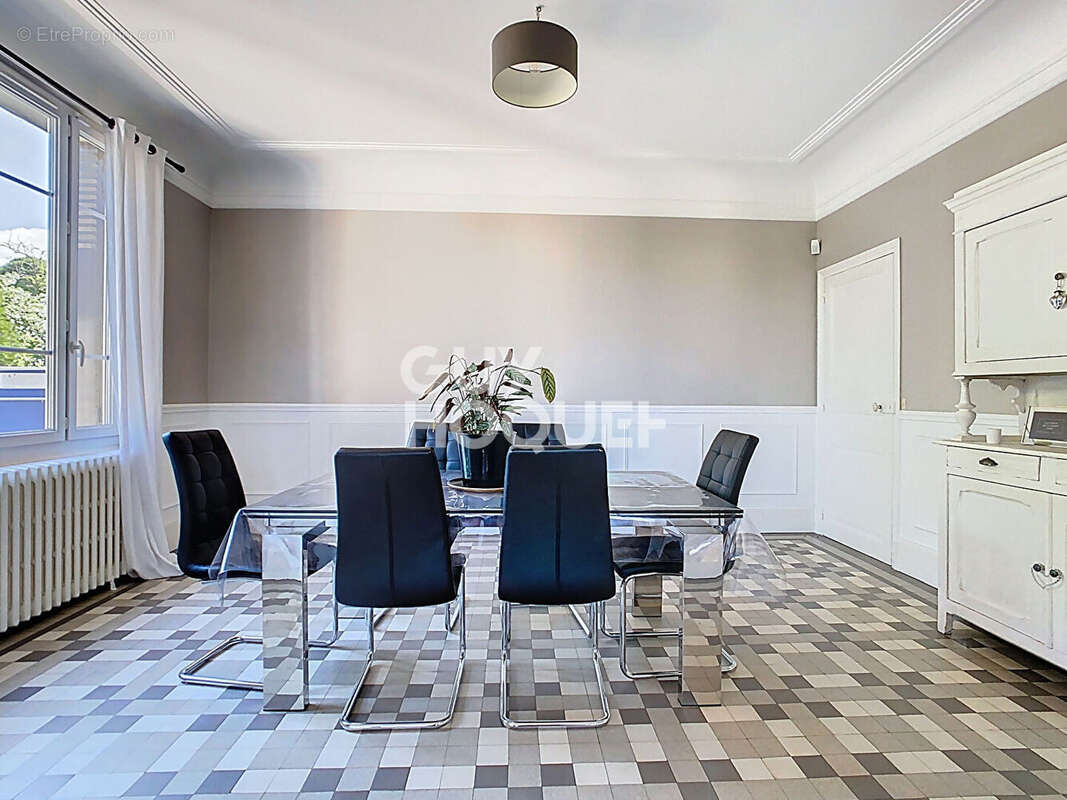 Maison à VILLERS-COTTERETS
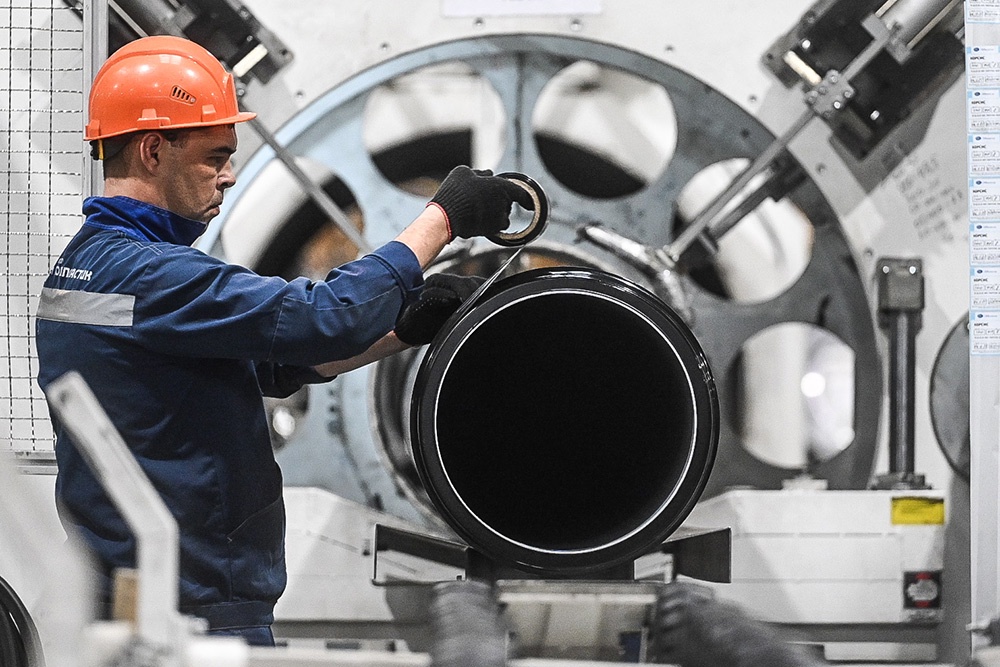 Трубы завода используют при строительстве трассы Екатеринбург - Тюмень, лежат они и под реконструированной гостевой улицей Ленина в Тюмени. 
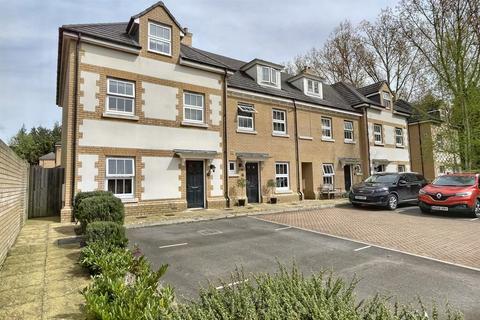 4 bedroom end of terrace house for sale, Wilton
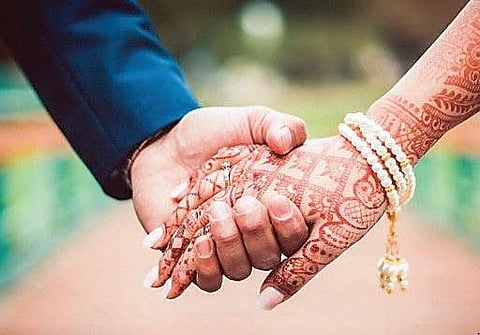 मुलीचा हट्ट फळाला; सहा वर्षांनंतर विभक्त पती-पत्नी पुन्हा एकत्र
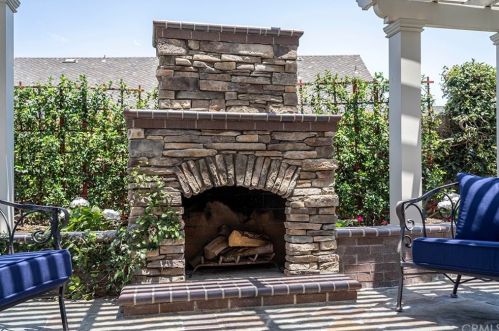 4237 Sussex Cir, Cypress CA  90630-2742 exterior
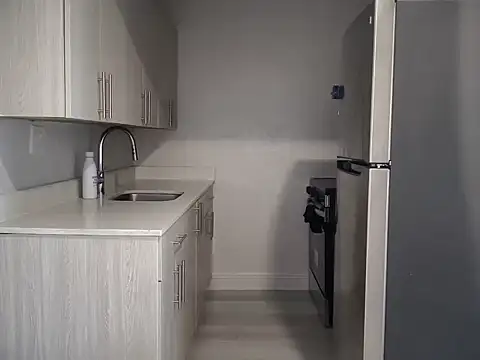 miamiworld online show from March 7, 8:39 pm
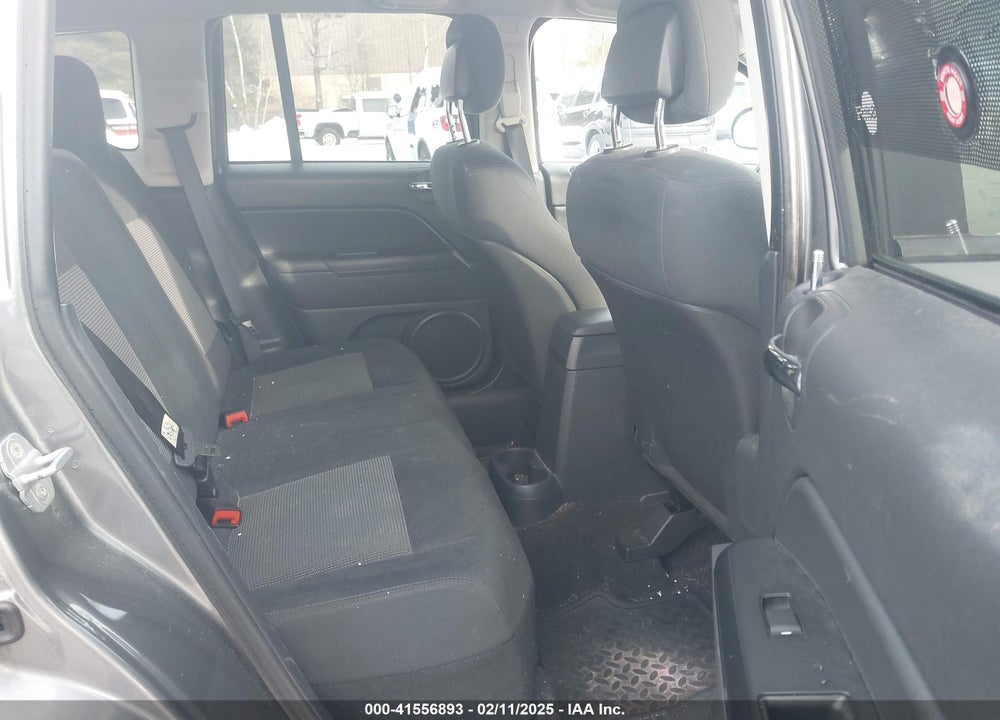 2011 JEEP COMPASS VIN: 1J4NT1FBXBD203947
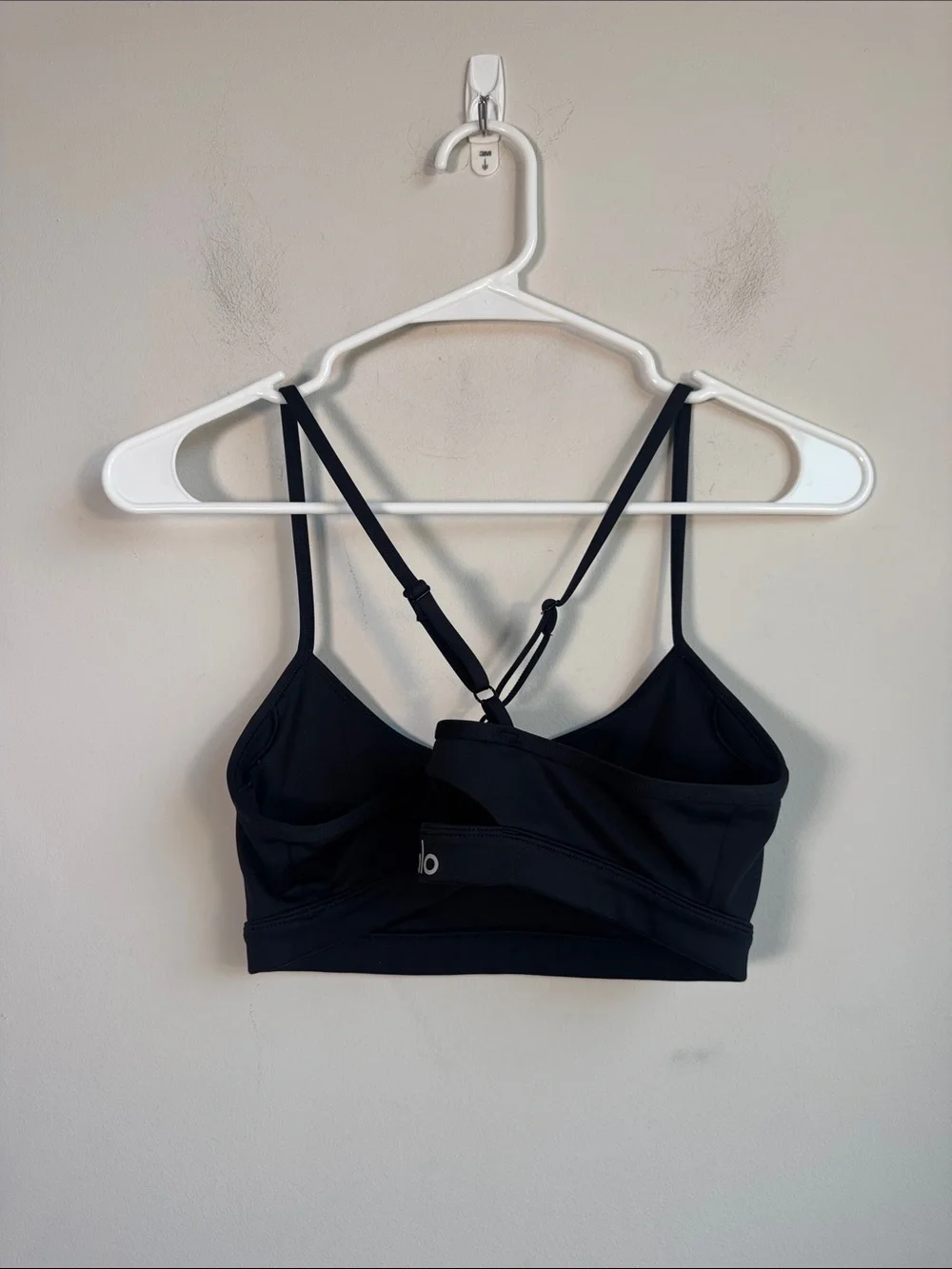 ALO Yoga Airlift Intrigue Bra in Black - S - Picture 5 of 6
———
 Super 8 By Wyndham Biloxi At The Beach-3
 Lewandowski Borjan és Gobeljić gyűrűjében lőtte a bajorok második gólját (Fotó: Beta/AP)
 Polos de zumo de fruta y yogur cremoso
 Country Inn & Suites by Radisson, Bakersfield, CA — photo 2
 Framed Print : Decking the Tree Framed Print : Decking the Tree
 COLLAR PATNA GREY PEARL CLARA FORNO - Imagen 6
———
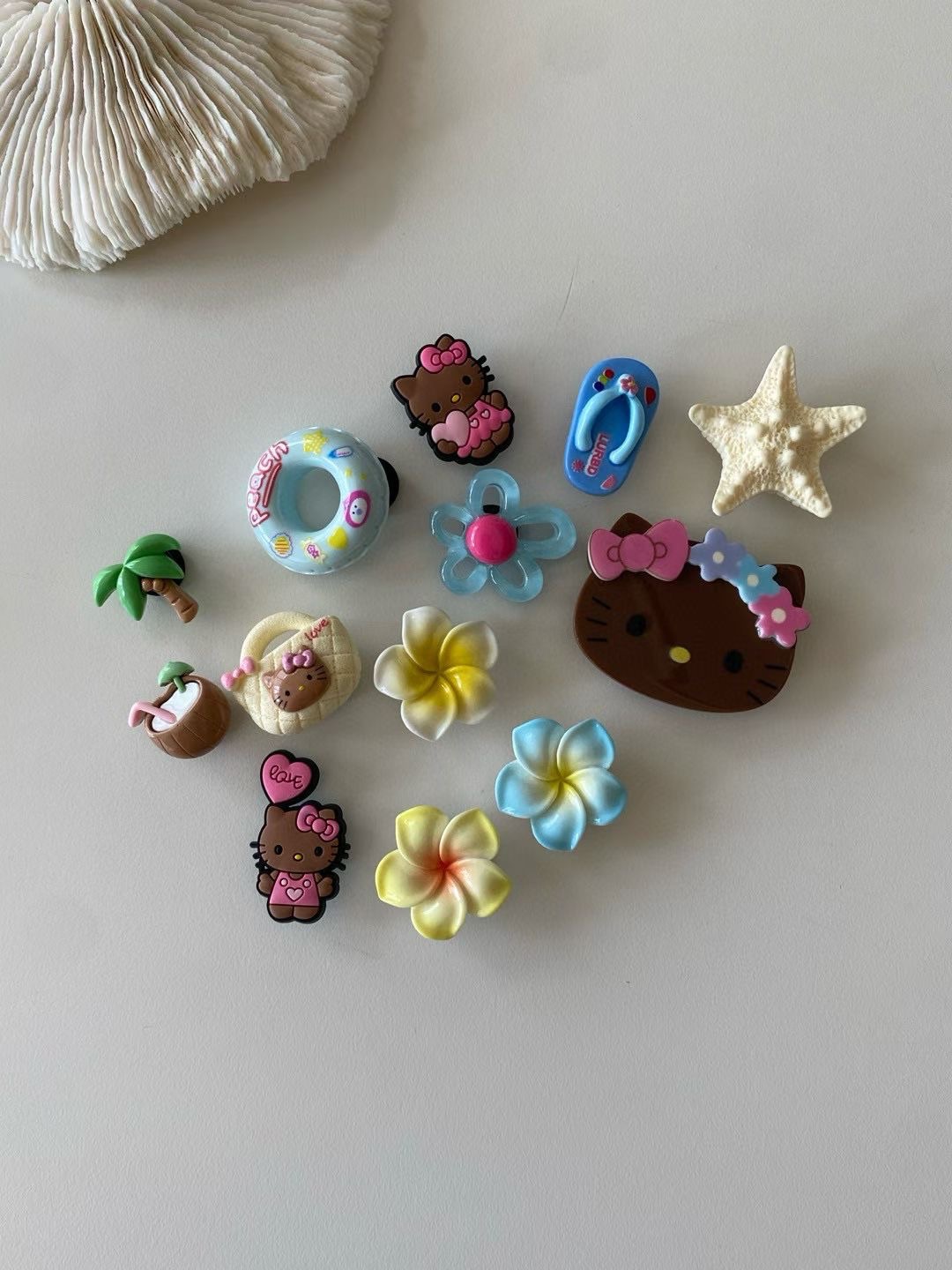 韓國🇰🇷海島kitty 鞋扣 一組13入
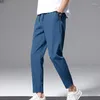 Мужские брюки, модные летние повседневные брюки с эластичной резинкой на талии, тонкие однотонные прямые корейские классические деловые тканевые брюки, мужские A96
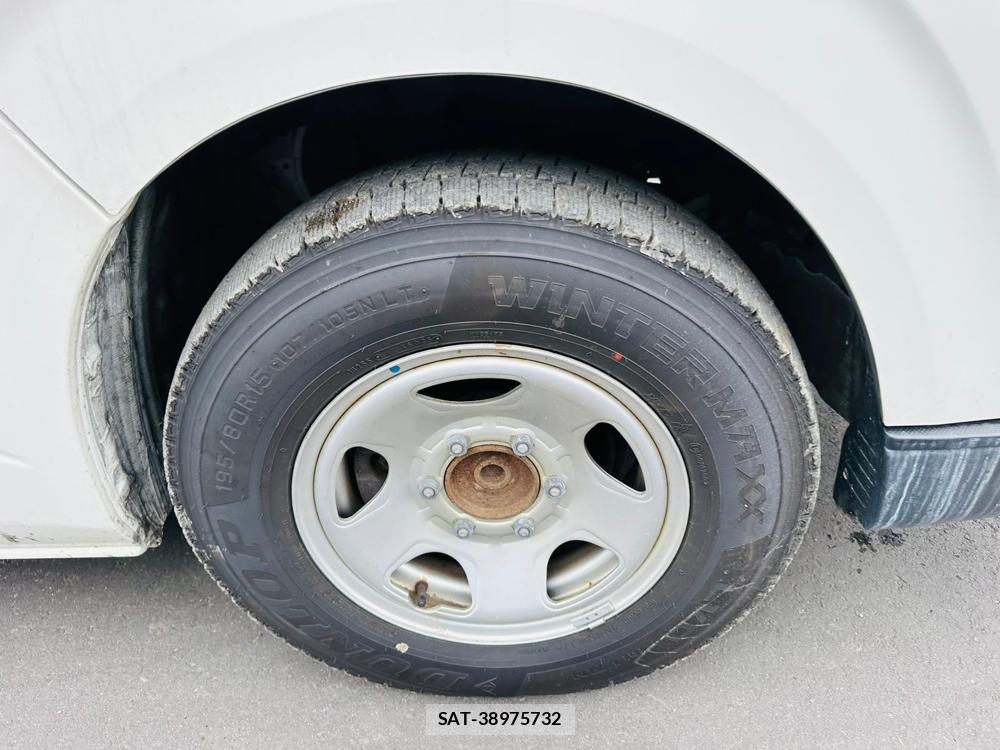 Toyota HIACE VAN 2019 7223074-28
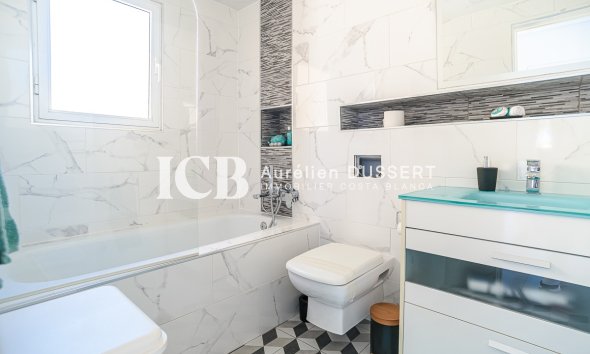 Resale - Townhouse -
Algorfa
———
Exercise prompt: Look above for the line with "मुलीचा हट्ट फळाला;", then give again exactly every line from there through the line with "ALO Yoga Airlift", skipping the pictures.

Worked solution:
 मुलीचा हट्ट फळाला; सहा वर्षांनंतर विभक्त पती-पत्नी पुन्हा एकत्र
 4237 Sussex Cir, Cypress CA  90630-2742 exterior
 miamiworld online show from March 7, 8:39 pm
 2011 JEEP COMPASS VIN: 1J4NT1FBXBD203947
 ALO Yoga Airlift Intrigue Bra in Black - S - Picture 5 of 6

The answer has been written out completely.